-------- RECORDS FOR THE EXERCISE --------

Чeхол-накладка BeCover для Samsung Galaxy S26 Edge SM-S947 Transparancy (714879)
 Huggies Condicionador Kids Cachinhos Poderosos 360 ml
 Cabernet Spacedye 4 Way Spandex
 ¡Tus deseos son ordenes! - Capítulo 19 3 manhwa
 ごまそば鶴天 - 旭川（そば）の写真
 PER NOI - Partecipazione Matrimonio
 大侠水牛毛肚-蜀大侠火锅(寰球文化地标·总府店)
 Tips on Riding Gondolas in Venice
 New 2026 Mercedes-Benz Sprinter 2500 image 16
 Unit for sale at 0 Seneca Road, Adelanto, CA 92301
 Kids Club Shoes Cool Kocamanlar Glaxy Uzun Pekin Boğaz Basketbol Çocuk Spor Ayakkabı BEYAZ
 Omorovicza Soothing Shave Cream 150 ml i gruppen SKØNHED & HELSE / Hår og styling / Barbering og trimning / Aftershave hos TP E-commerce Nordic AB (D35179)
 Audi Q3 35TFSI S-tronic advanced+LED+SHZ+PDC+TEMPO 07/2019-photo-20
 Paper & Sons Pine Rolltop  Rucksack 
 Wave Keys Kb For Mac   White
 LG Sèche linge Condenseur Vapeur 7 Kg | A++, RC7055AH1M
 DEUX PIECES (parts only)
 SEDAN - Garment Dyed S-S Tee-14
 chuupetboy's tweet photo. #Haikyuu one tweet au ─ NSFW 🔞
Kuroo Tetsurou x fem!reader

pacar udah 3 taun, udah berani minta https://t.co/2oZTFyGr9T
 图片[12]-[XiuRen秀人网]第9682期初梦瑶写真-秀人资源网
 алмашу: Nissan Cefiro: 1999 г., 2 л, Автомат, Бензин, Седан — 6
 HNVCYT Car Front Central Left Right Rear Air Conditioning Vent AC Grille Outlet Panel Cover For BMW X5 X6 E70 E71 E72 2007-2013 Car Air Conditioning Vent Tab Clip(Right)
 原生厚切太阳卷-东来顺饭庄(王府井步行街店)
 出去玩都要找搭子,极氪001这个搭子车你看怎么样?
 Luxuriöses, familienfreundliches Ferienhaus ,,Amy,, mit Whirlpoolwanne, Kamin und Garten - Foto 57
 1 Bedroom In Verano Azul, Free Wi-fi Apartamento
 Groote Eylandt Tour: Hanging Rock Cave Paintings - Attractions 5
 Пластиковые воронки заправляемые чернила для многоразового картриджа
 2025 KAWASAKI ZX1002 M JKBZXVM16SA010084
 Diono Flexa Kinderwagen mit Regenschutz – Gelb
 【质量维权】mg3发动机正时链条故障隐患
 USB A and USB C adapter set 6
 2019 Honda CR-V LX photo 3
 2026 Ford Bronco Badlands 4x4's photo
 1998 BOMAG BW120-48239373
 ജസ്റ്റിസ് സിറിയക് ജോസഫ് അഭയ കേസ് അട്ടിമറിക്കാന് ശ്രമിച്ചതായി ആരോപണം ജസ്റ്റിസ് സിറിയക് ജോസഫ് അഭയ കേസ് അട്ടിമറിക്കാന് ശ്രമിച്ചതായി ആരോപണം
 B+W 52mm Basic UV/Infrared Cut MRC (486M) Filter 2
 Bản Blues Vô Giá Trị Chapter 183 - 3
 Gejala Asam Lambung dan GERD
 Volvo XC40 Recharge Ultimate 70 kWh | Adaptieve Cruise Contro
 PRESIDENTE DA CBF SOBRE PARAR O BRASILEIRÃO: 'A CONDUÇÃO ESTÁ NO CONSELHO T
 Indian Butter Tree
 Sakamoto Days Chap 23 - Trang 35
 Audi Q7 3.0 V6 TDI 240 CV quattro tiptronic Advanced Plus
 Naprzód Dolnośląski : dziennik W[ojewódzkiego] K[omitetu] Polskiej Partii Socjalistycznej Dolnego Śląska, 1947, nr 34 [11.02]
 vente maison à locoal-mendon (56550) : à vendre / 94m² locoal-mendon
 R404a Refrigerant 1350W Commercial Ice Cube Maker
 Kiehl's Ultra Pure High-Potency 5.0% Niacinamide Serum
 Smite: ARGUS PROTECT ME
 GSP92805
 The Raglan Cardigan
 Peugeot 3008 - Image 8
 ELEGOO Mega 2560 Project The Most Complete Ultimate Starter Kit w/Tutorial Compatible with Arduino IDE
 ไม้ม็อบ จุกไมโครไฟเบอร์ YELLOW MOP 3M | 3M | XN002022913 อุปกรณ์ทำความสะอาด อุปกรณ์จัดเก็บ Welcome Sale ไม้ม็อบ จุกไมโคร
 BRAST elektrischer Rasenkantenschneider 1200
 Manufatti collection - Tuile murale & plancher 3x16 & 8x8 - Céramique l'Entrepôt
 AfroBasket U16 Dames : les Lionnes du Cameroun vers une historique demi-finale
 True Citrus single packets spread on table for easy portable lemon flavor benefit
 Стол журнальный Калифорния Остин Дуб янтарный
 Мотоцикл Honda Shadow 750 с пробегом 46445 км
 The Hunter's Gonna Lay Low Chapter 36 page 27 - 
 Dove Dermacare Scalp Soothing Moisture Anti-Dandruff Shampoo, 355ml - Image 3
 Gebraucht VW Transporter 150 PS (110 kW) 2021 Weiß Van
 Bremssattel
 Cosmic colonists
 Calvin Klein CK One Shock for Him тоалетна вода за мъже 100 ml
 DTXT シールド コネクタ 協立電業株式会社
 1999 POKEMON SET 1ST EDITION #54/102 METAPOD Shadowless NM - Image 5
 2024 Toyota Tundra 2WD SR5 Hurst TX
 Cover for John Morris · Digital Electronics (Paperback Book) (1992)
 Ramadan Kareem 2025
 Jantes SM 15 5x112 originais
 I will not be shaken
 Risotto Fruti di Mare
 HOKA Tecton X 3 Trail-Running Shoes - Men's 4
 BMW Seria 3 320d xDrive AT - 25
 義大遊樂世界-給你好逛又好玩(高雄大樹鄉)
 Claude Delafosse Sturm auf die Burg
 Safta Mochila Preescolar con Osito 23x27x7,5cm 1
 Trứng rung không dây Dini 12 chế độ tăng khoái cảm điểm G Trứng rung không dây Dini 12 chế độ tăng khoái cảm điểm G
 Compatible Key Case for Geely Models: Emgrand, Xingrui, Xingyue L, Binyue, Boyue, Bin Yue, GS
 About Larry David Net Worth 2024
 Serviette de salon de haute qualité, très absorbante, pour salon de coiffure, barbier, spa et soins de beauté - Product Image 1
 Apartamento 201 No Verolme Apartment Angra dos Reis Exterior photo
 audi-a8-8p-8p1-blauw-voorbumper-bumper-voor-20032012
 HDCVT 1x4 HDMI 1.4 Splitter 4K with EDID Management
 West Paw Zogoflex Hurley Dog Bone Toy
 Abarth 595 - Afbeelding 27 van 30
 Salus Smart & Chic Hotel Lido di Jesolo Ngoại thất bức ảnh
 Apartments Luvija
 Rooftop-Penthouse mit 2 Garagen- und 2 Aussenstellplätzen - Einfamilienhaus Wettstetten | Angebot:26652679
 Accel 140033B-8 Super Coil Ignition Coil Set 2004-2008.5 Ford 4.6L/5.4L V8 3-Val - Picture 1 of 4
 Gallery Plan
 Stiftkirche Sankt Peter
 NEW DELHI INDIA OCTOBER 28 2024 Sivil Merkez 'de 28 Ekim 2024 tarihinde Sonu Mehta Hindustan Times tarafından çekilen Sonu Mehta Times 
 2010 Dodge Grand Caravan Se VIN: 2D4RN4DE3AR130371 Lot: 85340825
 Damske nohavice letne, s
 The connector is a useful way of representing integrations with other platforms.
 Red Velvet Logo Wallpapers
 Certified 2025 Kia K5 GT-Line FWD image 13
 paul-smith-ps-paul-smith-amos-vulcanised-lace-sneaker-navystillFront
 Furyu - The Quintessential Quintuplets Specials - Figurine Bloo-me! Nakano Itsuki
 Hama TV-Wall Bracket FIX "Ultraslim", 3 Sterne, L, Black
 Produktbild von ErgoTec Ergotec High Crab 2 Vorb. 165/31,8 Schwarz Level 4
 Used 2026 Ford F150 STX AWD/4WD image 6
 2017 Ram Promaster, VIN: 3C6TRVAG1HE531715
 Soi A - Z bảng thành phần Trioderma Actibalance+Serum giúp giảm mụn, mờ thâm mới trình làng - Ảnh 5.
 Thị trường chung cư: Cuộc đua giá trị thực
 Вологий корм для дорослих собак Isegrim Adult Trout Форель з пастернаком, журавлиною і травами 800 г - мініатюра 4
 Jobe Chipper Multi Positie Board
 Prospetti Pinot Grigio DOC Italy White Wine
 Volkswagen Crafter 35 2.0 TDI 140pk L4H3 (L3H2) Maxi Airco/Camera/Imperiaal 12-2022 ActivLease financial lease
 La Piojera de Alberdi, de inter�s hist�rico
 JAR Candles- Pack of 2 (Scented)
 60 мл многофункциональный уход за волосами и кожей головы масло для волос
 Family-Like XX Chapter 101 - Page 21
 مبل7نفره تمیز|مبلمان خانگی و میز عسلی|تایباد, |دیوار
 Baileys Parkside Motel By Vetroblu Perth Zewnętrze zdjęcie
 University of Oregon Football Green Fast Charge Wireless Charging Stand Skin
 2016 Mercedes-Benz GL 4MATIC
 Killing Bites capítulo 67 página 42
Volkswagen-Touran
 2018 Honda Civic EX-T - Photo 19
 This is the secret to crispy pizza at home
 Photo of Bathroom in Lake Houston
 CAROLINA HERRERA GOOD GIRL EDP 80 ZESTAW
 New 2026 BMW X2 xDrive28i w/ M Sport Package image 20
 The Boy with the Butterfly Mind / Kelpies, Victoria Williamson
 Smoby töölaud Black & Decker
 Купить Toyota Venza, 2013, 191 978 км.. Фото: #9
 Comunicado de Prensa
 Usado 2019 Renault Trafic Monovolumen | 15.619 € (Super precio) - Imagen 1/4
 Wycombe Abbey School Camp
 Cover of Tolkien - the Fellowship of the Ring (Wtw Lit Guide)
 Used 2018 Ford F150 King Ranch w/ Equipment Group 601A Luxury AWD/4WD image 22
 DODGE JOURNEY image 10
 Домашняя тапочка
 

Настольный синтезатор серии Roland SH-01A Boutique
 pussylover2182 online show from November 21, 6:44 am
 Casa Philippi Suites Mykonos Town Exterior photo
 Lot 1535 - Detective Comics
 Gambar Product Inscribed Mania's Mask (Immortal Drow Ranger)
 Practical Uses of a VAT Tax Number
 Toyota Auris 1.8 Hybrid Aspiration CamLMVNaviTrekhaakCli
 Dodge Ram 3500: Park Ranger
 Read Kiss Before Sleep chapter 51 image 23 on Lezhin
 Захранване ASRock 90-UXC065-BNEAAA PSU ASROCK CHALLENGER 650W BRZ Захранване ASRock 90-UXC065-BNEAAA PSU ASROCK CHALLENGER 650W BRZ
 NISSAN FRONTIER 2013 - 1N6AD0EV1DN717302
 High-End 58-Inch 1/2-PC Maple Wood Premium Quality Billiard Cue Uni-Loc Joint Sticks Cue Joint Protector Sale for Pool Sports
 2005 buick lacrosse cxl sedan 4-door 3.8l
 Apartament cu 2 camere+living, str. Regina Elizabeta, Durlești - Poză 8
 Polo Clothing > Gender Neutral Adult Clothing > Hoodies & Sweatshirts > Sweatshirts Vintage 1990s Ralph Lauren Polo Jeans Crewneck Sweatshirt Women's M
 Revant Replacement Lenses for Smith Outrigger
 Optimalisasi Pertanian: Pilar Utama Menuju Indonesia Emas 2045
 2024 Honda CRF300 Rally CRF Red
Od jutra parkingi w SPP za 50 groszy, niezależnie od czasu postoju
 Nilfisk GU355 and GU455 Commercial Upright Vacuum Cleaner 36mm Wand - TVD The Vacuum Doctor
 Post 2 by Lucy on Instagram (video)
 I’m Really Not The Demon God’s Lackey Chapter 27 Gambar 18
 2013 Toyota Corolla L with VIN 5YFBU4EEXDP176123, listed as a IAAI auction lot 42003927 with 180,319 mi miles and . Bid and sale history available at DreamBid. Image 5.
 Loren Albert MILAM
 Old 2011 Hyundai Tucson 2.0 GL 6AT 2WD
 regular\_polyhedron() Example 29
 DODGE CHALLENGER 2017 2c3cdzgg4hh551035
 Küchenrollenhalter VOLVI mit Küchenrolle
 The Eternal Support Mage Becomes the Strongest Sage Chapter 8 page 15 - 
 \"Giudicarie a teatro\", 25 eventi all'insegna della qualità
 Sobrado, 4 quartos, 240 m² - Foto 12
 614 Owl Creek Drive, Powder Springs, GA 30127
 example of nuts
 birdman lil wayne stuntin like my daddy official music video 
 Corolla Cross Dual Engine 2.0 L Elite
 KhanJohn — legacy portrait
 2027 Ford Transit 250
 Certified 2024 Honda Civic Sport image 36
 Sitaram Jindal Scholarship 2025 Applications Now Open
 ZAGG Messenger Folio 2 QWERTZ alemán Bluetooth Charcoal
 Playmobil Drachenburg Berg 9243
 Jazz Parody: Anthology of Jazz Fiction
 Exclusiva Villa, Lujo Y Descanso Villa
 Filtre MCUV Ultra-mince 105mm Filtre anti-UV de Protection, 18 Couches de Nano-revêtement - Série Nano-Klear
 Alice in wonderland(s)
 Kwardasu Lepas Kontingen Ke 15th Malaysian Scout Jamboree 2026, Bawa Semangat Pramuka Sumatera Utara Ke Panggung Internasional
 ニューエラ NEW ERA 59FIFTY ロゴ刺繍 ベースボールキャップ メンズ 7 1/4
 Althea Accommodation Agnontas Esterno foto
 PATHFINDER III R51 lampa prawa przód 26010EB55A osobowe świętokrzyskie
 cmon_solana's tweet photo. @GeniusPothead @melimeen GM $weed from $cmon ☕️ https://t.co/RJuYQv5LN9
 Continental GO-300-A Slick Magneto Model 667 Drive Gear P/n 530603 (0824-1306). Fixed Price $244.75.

--------

WHAT YOU SHOULD DO
Please determine how many lines of the records above contain "Black", and state that number only.

EXPECTED OUTPUT
2